WriterBy Matt Scofield
Underground Hideout For Sale In Wiltshire Could Be Your New Secret Lair
An unusual property in Bradford on Avon could be your new secret underground hideout to see out the apocalypse or perhaps the aftermath of Brexit.
The former stone quarry is being put up for auction next month and while it would make a perfect underground store, the more imaginative might be tempted to put it to a more exciting use as an underground shelter.
The gated entrance to Poulton Quarry is located just off of the main road through the small Wiltshire town. The quarry has had a varied past, starting life in 1841 as Paulton's Limestone Quarry. After the quarrymen left in 1900, the tunnels they left behind were put to new uses.
The quarry has been used as a subterranean mushroom farm, which involved some modifications to make the underground space useable. This included strengthening work and the construction of offices and store areas, which still exist today.
During the Second World War, the quarry was used as an air raid shelter for the local school, before being put back to use as a mushroom farm after the war.
Now the network of tunnels and rooms could be yours when it goes to auction on September 12th, with a guide price of £10,000 to £20,000. Details of the sale can be found on the agent, Cooper & Tanner's website.
If you do decide to snap up this unique underground space and convert it into your own underground safe haven, you'll have to be ready to live off grid as the site isn't currently connected to any services - perfect for the hardcore survivalist. However, you wouldn't be the first to attempt to create an apocalyptic hideout in a former stone quarry in the area.
In the 1980s a nearby stone quarry that was used as an ammunition store during WWII was re-purposed as a nuclear fallout shelter, known as the Rusepalm shelter complex.
Eastlays Quarry is located six miles away from Poulton in the town of Gastard near Corsham. In 1981 ambitious plans surfaced to convert the underground space, which is as big as 18 football pitches, into underground accommodation for up to 10,000 people.
The developers were offering families the chance to pay £2,000 upfront to secure their own luxurious, fully-equipped, subterranean apartment. The idea being that a family could seek refuge in their own self-contained apartment for up to three months after a nuclear attack.
Those behind the plan believed that the bunker's inhabitants would stand the best chance of survival due to the cross section of people from all walks of life living there. The promotional material for the bunker says this will be "doctors, nurses, social workers, craftsmen, sportsmen, teachers and experts in many fields." It was hoped that they would "join together to form a friendly community."
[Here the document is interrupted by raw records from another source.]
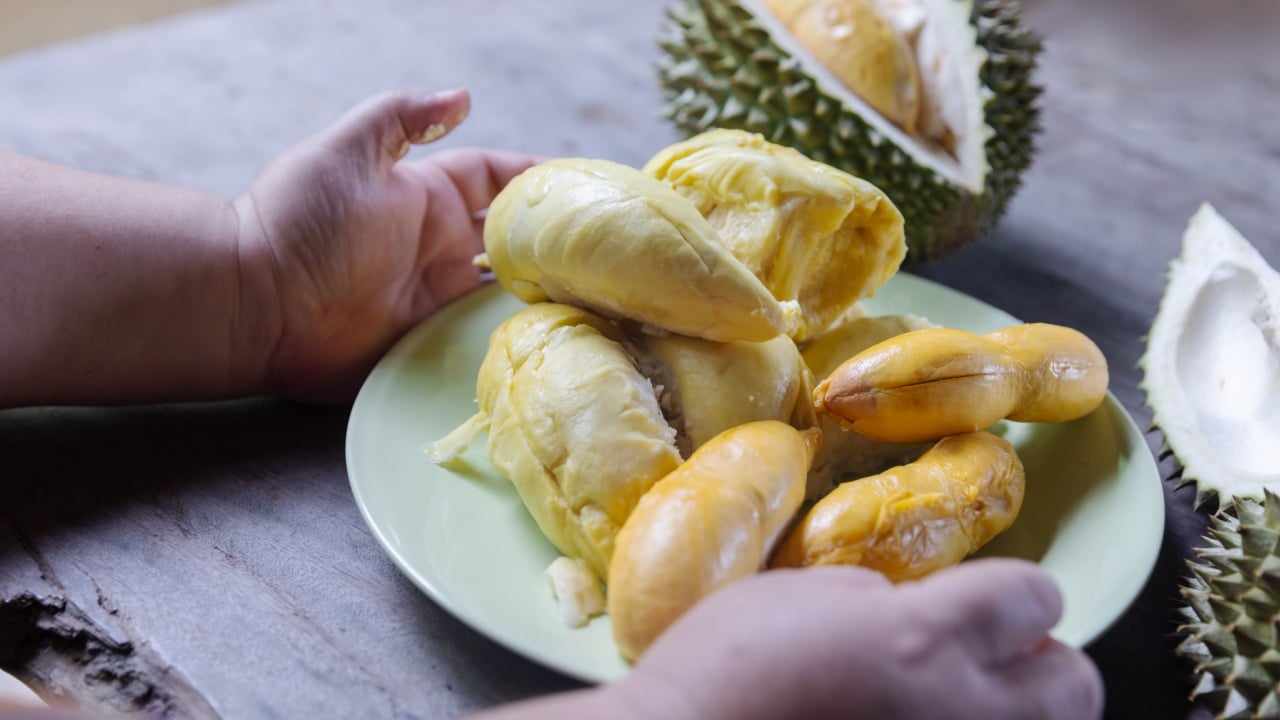 A plate full of ripe, golden-yellow durian pods is placed on a rustic wooden table, showcasing the high-sugar, creamy fruit. Hands gently hold the plate, ready to enjoy this tropical delicacy.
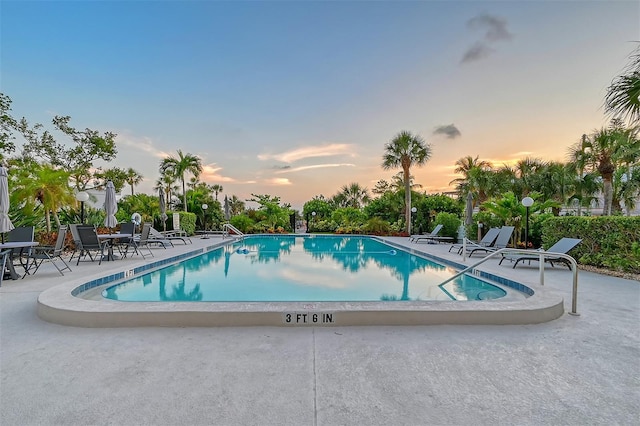 pool at dusk featuring a patio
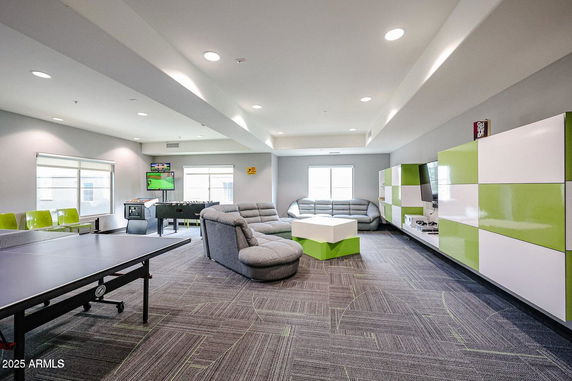 Spacious indoor recreation area with sofas, table tennis, and entertainment units.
Safely located 30 meters below ground and with helicopter landing facilities for VIP guests, the shelters would have housed up to 2,500 families, with facilities for recreation and exercise - even during a nuclear attack.
Each apartment was to be fitted with lighting, heating, a washbasin, bunkbeds and storage compartments, as well as a connection to a fresh water supply - although quite how this clean supply of water would be maintained is not explained. The apartments would also have a radio, which would be connected to the main shelter control and communication centre.
Elsewhere in the bunker there would be access to a communal dining area where all the inhabitants' meals would be provided, plus toilets, showers and laundry facilities.
It's not known how many people paid Rusepalm Developments to secure their piece of the underground bunker before they abandoned the plans and the company collapsed.
Eastlays was sold on and since 1988 has been used for controlled wine storage by Octavian. The company handles over four million cases of wine a year and has the capacity to store over 800,000 cases. The underground space is perfect for storage due to its constant year round temperatures, absence of ultra violet light, no vibration and full humidity control.
Inspired yet? The auction for the unique underground space in Bradford on Avon takes place at 7pm in the Standerwick Suite or Frome Livestock Market on Thursday, 12th September 2019.